ところが日本語のヒツジはとても言いづらく、ヒツジが1匹、ヒツジが2匹などと数えていると、逆に目が冴えてしまいます。
なので日本語で数えるのは逆効果。英語圏では「sheep,sheep,sheep……と数えるように」と教えられています。
ちょっとしたことで脳はすぐに眠りを拒否する
マウスを使った実験では、「別のマウスの飼育に2週間ほど使用したケージに新しいマウスを入れると、そのマウスは不眠が誘発される」ことが判明しました。寝室や寝具といった「睡眠環境」がいつもと変わるだけでも、脳は敏感に反応し、眠りに影響が出てしまうのです。

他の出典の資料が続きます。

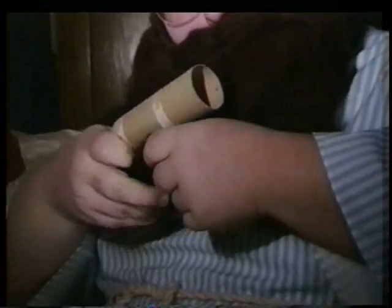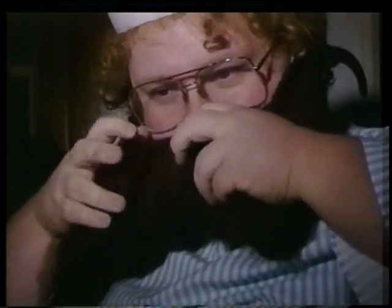Arrrr! This week on the Youthful Beard, the Practical Pirate, we show you how to groom your beard using only a toilet paper roll. It's good, huh?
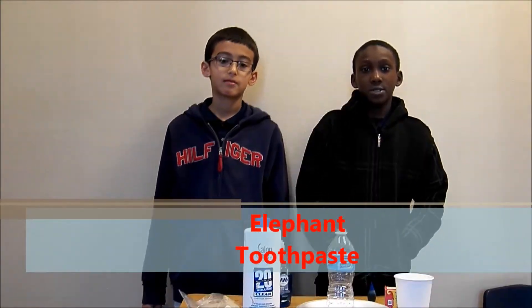My name is Mahir. My name is Ahmed. Our Science Expo project idea is elephant toothpaste.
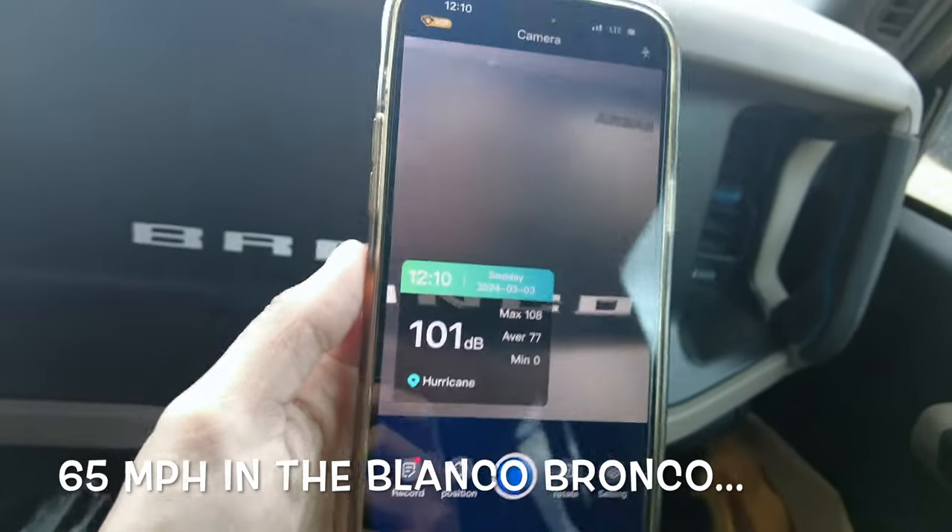A few moments later — the more I keep driving and thinking about the Armadillo hard top, 30 decibels of difference. Their Bronco had a light bar on it and even hitting 65 I didn't hear any extra wind noise. We have wind noise because it's windy out here and there's tire noise, but I'm actually very impressed with it.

このように、脳はささいなことで刺激され、入眠に不向きなモードに変わってしまうので、何の気なしに取った行動が眠りの質悪化を招きかねません。
また、眠りに関しては非常に個人差の影響が大きく、たとえば今でも「人間にとってベストな睡眠時間」というのは割り出すことができていません。「この方法で熟睡できる」と言われていることでも、残念ながら万人に当てはまるとは限らないのです。
睡眠の俗説を鵜呑みにすることなく、起きがけの感覚を注視することが、本当に自分に合った「熟睡度が高い最高の睡眠習慣」の確立につながると思います。